08 October, 2010

4 days pt 3

The walkthrough seemed to go surprisingly well. They said I was one of their good tenants, and there were no major problems.

Hopefully I'll get most of, if not all of the deposit back.

I made one mistake- I gave them my keys, forgetting I might want to leave the house to get, say, something quick to eat. So now, while I wait for my girl to pick me up in a few hours, I have to order in food when what I really want to do is go down to the shop and grab crisps.

LAME.

4 days pt 2

I'm confused by how many cleaners have suddenly appeared in my flat. There was one, then there were three, then four, now six, back down to three...

I'm having a bit of a white person complex right now because the cleaners are all non-English speakers from other countries. Somehow I didn't feel like such a privileged white bitch when my Indian flatmate was the one organizing the cleaning service. *shrink


So after waking early to wait for the Virgin Media guy to come collect the router, and waiting for hours, I finally called and they told me "oh, no one is coming to pick it up. Ooops. Just leave it." Great, thanks guys. There were so many things I could have done this morning had I not been sitting around waiting! I could have slept in!

I managed to get rid of my unwanted clothes and shoes by putting them downstairs in the entry way with a sign saying "FREE CLOTHES size 14 and SHOES size 8-9". They were gone in ten minutes.

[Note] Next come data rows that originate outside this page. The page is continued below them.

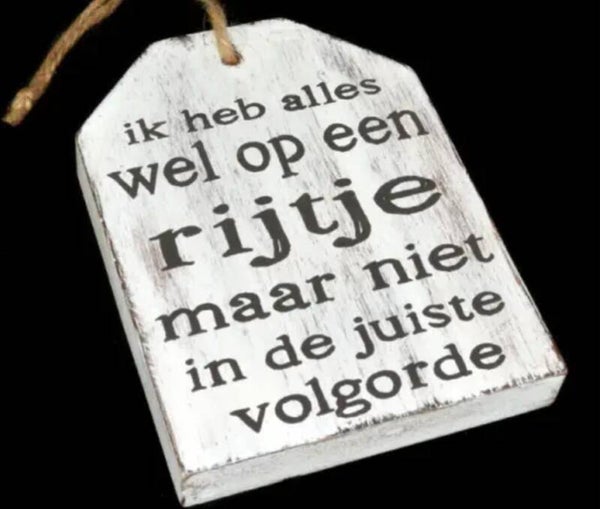 Hangend label, alles op een rijtje
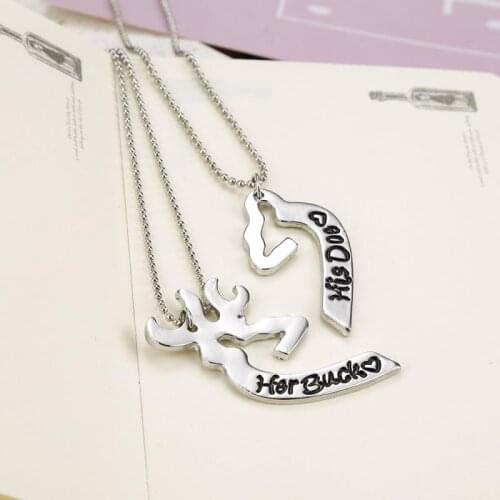 2 Pcs/Set Deer Hunting Buck & Doe Necklace Kissing Broken Hollow Heart Pendant Friendship Lover Couples Necklace Girls Gift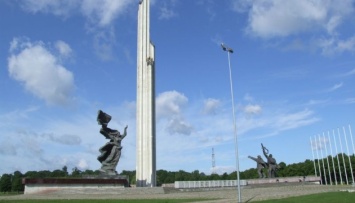 В Риге готовятся к сносу мемориала «освободителям» в Парке победы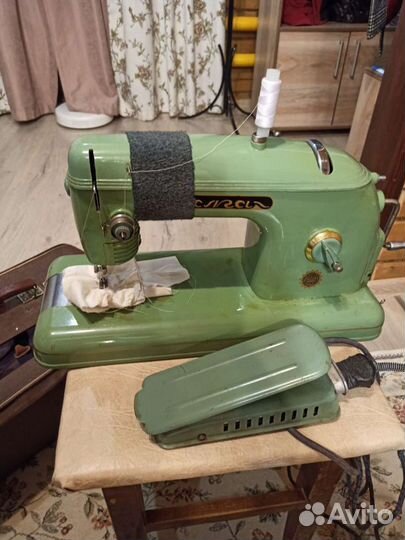 Швейная машина Волга
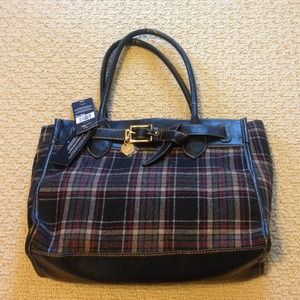 New Tommy Hilfiger Fall Purse!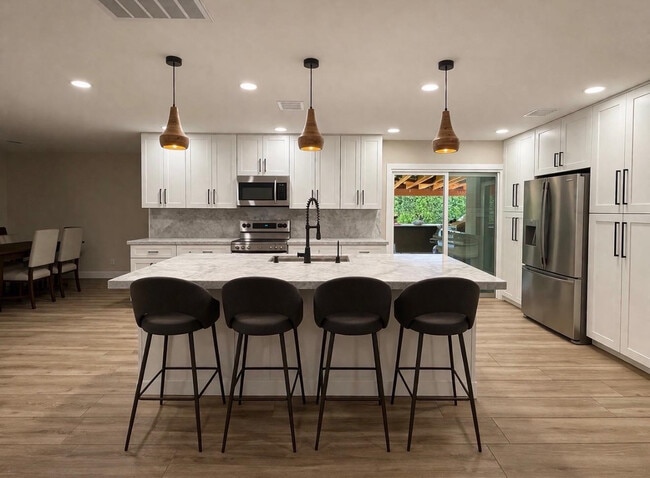 Foto del edificio - 1237 E Riviera Dr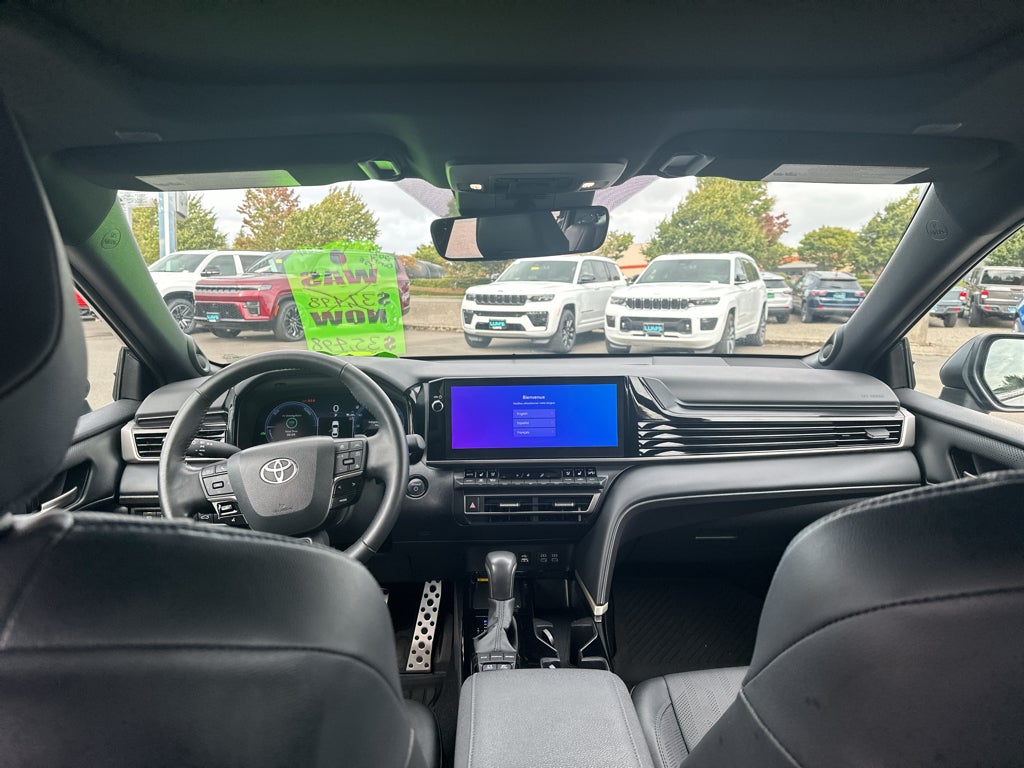 2025 Toyota Camry Hybrid XSE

Now I just have to survive the walkthrough with the property manager at 3pm. I anticipate a lot of arguing and drama. Hopefully I can either kill him with smiles and kindness, or turn on the, "I'm taller, bigger, and meaner than you," persona. It just depends on how he wants to play this.

Today is stressful. I just want this part of it to be over with as quickly as possible.

4 days pt 1

Waiting for the Virgin Media guys to come take away my internet. In the meantime I have the cleaners in, and one particularly stinky/sweaty guy is cleaning my bathroom. His scent does not inspire confidence but he seems to be taking his time doing details, so....

In the meantime, I am taking photos of stuff so I can determine which clothes I'm carrying down to the donation bin, and which I'm shoving into a bag to give to friends. I was going to donate my bike back to the place I bought it from (they are lovely and fix old bikes to sell at good prices), but luckily an equally tall friend of mine is in need of a bike for a few weeks, so I'm riding down to give it to her today and she's going to donate it for me!

I stupidly asked a friend to keep one of my suitcases at her place so I didn't have to bother carrying it around this weekend, but now I realize I need to put a few things in there. Oops!

I still feel like I have so much to do. I need to make a few phone calls, meet with the property managers for a walkthrough tonight (not looking forward to that), mail some books to a friend who forgot them, move all my stuff to my girl's house for the weekend, and then move it all to my friend's house on Monday, repack once I have the other suitcase, organize a car to Heathrow....

I won't rest until I'm on the plane. Now I just have to take vitamins and get sleep so I don't end up with a cold on my flight... that will hurt.

07 October, 2010

5 days: My Last Night in Shoreditch

It was a beautiful sunny day. I woke early to get a head start organizing all the bits and bobs involved in moving. At 2:30, the movers came to pick up my boxes, and by 4pm my flatmate had moved out. Suddenly the flat was calm, empty, and a place I didn't mind spending time. I opened the windows to air out the cigarette smell my flatmate left lingering while waiting for my aunt to return my call, hoping I'd get to see her today. But I never managed to get a hold of her, and instead I spent the day throwing out trash, and moving furniture around in preparation for the cleaners and final walkthrough tomorrow.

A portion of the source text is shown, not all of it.